Action item: Find "Clavulinopsis aurantiocinnabarina image" and "Majestic Indian Antelope" in the records below. Copy the lines holding them and every line between, exactly, and no others.

Material shown:
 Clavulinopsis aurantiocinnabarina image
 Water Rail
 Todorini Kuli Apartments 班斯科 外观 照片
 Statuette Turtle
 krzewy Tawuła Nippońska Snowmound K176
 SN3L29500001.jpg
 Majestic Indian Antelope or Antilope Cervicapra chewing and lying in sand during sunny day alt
* * *
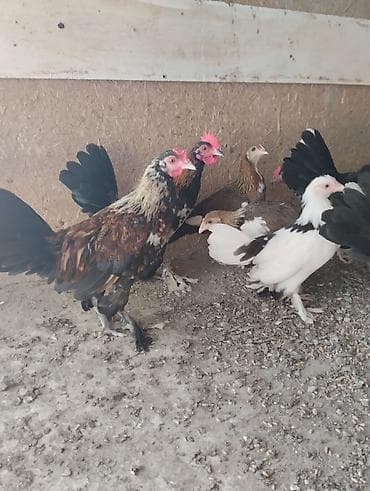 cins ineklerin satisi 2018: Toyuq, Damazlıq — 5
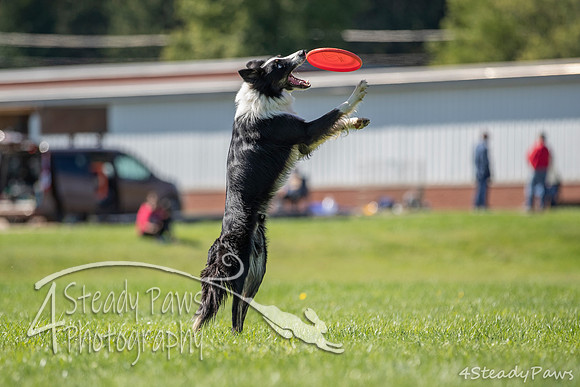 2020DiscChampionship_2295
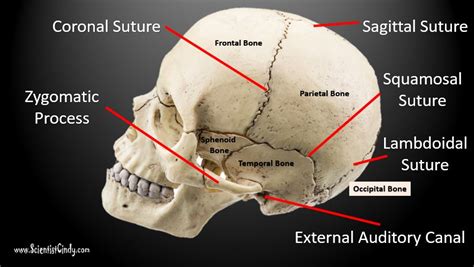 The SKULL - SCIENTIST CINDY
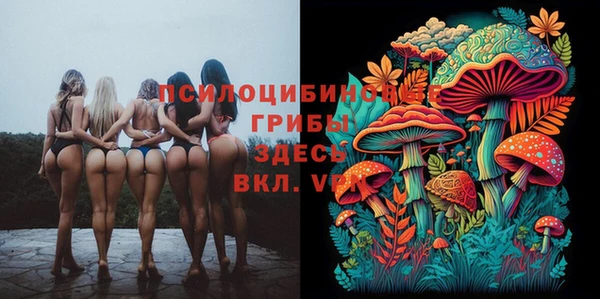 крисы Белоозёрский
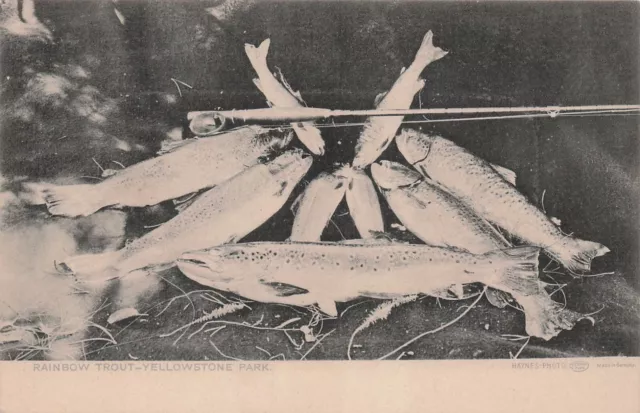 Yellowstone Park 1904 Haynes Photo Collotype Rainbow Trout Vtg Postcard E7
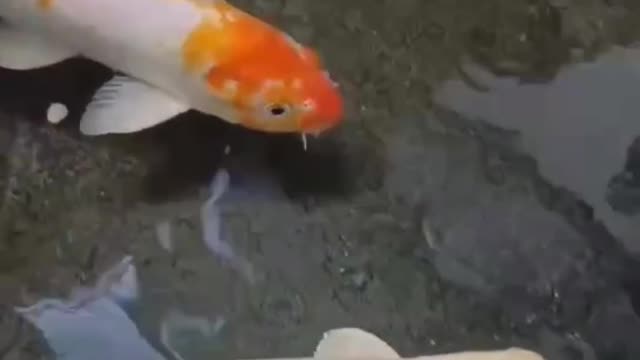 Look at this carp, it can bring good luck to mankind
--
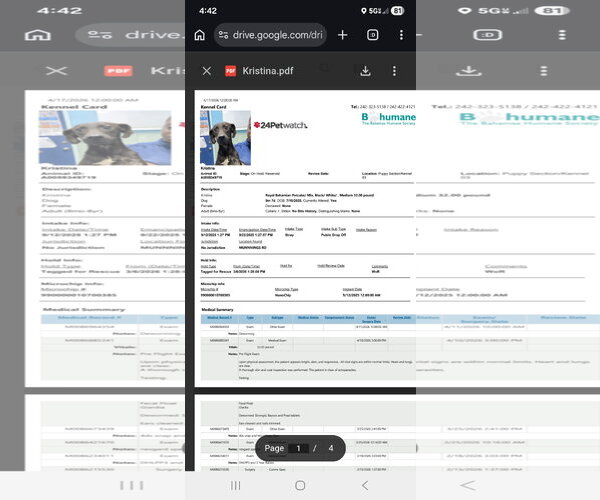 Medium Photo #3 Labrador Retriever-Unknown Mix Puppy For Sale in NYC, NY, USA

Output:
 Clavulinopsis aurantiocinnabarina image
 Water Rail
 Todorini Kuli Apartments 班斯科 外观 照片
 Statuette Turtle
 krzewy Tawuła Nippońska Snowmound K176
 SN3L29500001.jpg
 Majestic Indian Antelope or Antilope Cervicapra chewing and lying in sand during sunny day alt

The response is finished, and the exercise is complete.